En effet, une fois la période de transition post-Brexit achevée au 1er janvier 2021, les règlements de l'UE en vigueur actuellement ne s'appliqueront qu’à la partie française du tunnel trans-Manche. Un scénario qui risquerait de compliquer l’exploitation de l’infrastructure et de donner lieu à des vides juridiques.

La Commission préférerait donc voir perdurer la commission intergouvernementale chargée de toutes les questions relatives à la construction et à l’exploitation du tunnel, qui avait été mise en place en 1986 par le Traité de Cantorbéry.

Cette commission intergouvernementale est considérée comme une « autorité nationale de sécurité », telle que définie par la directive européenne relative à la sécurité ferroviaire (2016/798).

Bien qu'elle acte qu’une « autorité nationale de sécurité » doit être établie par deux États membres, la directive en question ne prévoit pas, en revanche, qu’elle puisse l’être par un État membre et un pays tiers - statut qui est désormais celui du Royaume-Uni.

Permettre qu’un pays tiers soit impliqué

Parmi les deux textes qui seront présentés ce mercredi en commission TRAN, on trouve donc une proposition de règlement - dont la Commission précise qu’elle devra être adoptée d’urgence - visant à modifier la directive 2016/798.

L’objectif est de faire en sorte que la notion d’« autorité nationale de sécurité » puisse également s’appliquer à un organisme chargé par un État membre et un pays tiers d’assurer des tâches relatives à la sécurité et à l’interopérabilité ferroviaires.

La proposition de règlement suggère par ailleurs l’ajout à la directive d’un paragraphe actant la compétence de la Cour de justice de l’Union européenne pour statuer en cas de différend entre l’État membre et le pays tiers.

La Commission propose également d’inscrire dans ce paragraphe l’obligation pour l’État membre concerné de prendre « toutes les mesures à sa disposition » pour garantir que l’autorité de sécurité respecte les dispositions applicables au droit de l’UE.
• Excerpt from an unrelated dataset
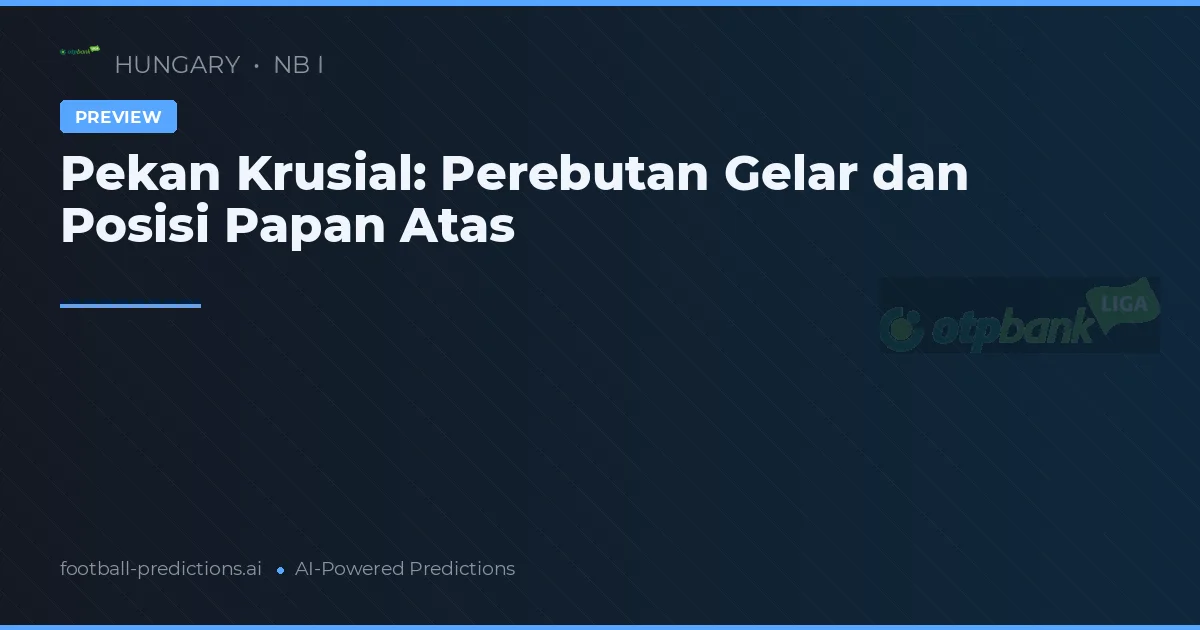 Pekan Krusial: Perebutan Gelar dan Posisi Papan Atas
Ainsi, si nécessaire, « pour des raisons de sécurité ferroviaire », l’autorité de sécurité française pourrait exercer une compétence exclusive sur sa part de l’infrastructure, par exemple dans le cas où la commission intergouvernementale ne se conformerait pas à un arrêt de la Cour de justice de l’Union européenne la concernant.

Habiliter la France à négocier

Pour qu’un État tiers puisse être impliqué, la Commission requiert toutefois dans sa proposition que « l’Union ait conclu à cet effet un accord avec le pays tiers concerné ou qu’un État membre ait conclu un tel accord conformément à une autorisation accordée par l’Union à cet effet ».

Le second texte qui sera présenté par la commission aux députés propose donc l’adoption d’une décision du Parlement européen et du Conseil qui habiliterait la France à négocier et à conclure un accord international permettant le maintien de la commission intergouvernementale comme autorité de sécurité unique pour le tunnel sous la Manche.

La proposition de la Commission pose également quelques conditions. Par exemple, que l’accord négocié par la France n’entre en vigueur qu’après la fin de la période de transition ou encore que la France s’engage à inviter la Commission à participer en tant qu’observateur aux négociations.

Le texte prévoit, enfin, que la France, au terme des négociations, soumette à la Commission le projet d’accord qui en résultera, afin que cette dernière puisse donner, ou non, son aval à la conclusion et à la signature du texte.